Which is only one of the things that John Edgar Wideman manages to do in’s 1990 novel Philadelphia Fire. Which I pull’d down off a shelf after some “chaos in the soul” descended, caught me up with its unmistakable tiger claw grip deep in my solar plexus, shook me, and dropped me like a dog, like un catcheur. Chaos “caught” after reading a new book of poems by one of the young Turks of the new hegemonic avant—a book wherein there seem’d not a kiter’s worth of verbiage that had need of being written. Total dud check. Dishonesty’s grim reek.

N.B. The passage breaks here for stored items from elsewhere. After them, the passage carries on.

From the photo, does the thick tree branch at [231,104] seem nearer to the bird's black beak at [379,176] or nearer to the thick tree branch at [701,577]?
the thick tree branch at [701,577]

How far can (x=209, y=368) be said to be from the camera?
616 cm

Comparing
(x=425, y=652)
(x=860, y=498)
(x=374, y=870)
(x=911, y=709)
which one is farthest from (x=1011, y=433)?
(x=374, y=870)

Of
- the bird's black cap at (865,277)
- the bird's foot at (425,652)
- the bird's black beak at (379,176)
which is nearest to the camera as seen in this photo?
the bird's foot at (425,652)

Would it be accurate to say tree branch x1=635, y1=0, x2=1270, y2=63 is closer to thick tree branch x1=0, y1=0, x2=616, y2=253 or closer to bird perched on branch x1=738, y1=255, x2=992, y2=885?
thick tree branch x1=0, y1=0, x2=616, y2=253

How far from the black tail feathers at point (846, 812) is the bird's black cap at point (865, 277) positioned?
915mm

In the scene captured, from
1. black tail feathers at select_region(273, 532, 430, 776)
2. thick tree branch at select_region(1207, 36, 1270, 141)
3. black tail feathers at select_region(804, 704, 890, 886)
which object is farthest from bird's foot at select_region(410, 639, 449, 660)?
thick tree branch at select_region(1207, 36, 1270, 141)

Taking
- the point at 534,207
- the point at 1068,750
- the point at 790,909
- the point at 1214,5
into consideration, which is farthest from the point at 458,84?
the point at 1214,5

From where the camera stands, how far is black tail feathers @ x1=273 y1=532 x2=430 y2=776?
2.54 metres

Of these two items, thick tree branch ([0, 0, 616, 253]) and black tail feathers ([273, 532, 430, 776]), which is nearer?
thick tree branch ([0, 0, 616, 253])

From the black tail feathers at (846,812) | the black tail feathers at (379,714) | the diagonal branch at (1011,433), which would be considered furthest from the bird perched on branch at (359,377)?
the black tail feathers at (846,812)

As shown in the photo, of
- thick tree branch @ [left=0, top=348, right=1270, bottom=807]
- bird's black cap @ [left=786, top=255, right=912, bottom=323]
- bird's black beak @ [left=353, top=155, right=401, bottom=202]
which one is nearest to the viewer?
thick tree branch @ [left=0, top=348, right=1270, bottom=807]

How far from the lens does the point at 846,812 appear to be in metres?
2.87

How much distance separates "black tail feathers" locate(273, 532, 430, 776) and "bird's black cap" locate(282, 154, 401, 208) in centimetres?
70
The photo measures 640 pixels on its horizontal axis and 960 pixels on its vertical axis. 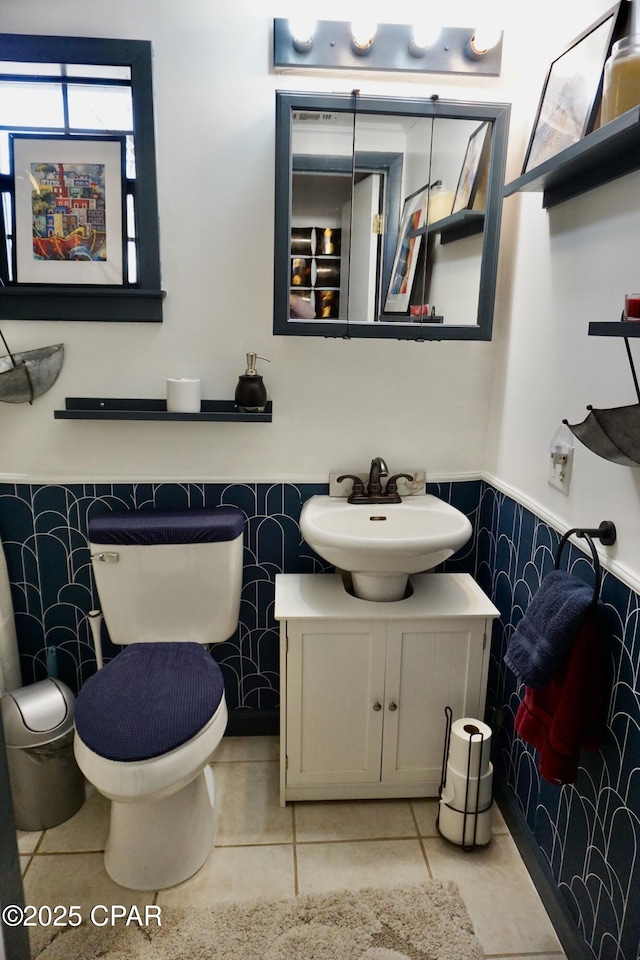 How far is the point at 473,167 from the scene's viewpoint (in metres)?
1.96

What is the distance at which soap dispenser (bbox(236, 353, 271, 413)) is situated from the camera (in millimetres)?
2049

So, a kind of version of and against James Wright’s rather defeatist “Depressed by a Book of Bad Poetry, I Walk Toward an Unused Pasture and Invite the Insects to Join Me,” the one that begins:
Relieved, I let the book fall behind a stone.

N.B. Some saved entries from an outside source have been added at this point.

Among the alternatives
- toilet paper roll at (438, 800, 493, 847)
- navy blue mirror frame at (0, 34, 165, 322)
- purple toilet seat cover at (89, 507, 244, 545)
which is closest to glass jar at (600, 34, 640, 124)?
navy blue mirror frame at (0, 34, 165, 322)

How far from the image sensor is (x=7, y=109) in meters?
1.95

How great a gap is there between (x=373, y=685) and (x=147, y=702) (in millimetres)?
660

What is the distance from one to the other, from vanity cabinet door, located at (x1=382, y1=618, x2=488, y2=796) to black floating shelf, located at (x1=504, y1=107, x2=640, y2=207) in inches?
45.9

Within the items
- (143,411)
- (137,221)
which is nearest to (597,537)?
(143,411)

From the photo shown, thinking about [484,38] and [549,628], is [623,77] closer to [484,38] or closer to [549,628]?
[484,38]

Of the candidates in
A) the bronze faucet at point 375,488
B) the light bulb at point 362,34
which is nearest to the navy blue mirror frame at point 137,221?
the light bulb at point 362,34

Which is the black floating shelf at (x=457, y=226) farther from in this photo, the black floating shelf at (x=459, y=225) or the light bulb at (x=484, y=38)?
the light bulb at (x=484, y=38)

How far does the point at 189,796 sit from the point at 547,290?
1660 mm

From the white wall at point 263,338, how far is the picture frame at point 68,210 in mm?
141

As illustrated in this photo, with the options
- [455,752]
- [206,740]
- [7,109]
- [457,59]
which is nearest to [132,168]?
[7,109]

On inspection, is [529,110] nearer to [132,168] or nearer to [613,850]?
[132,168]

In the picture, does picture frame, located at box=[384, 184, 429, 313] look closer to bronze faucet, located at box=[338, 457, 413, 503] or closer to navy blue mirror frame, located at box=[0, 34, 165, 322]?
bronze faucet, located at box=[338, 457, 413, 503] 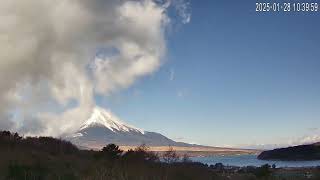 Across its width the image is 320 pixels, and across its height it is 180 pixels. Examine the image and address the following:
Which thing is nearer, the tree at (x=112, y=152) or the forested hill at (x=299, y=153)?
the tree at (x=112, y=152)

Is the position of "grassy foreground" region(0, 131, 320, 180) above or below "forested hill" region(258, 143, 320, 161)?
below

I climb a slight rise of grass.
I do not want to disturb the ants
Who are walking single file up the fence post,
Carrying small white petals,
Casting shadows so frail that I can see through them . . .

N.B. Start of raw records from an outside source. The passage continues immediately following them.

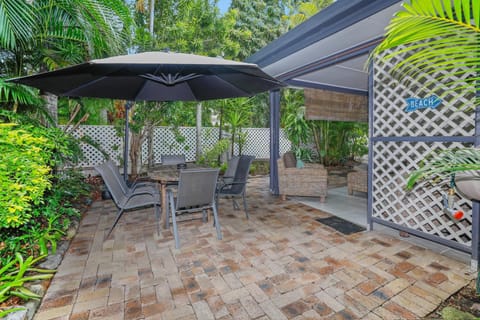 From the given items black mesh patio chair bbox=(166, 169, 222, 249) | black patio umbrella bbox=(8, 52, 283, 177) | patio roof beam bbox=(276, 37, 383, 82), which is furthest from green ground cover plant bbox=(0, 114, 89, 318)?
patio roof beam bbox=(276, 37, 383, 82)

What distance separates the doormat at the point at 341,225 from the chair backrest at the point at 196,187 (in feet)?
5.91

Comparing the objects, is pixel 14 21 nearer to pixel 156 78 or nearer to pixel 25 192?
pixel 156 78

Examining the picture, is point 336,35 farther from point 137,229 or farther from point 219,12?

I plow under my turpitudinous rage (Dylan: “I keep seeing this stuff and it just comes a-rolling in / And you know it blows right through me like a ball and chain . . .”) What I wrote (as if one had any “justificatory”—thank you, Bruce Andrews—need in the matters of one’s contempt):
Reading it partly for some presumed relation between it and Don DeLillo’s new (unread) Falling Man, how one tackles the brutally topical. Reading it (and fiction in general of late) largely out of fatigue, one’s tiredness with the avant-whatever’s merely formalist shifty-feints and stirrings . . . Tired of the tidy quote-noted end matters, tired of the ruse of several poems with the same title, tired of the neologistic inadequacy displays—those tattoos of the present moment, tired of the fragmented dip and swerve of studiously “flat” lines, tired—per contra—of the scuzzed-up figurations of tarnished brilliance, the no-language language of downloads, the self-prettying narcissism and self-consciousness of “the daring,” the gringo richesses sponsored by information management CEOs, the untutelary scientific gumbo of the rebarbitive Brits, tired of all the jism and spit of an age of war that doodles along neglectful, what war? I absolutely do want to disturb the ants, the peaceable academickal kingdom of grunts soldiering along with they Fence subscriptions, carrying the tiny white petals of they submissions, they chapbooks, they books of proper shadows, they frail . . .
As if one had any need to defend reading John Edgar Wideman.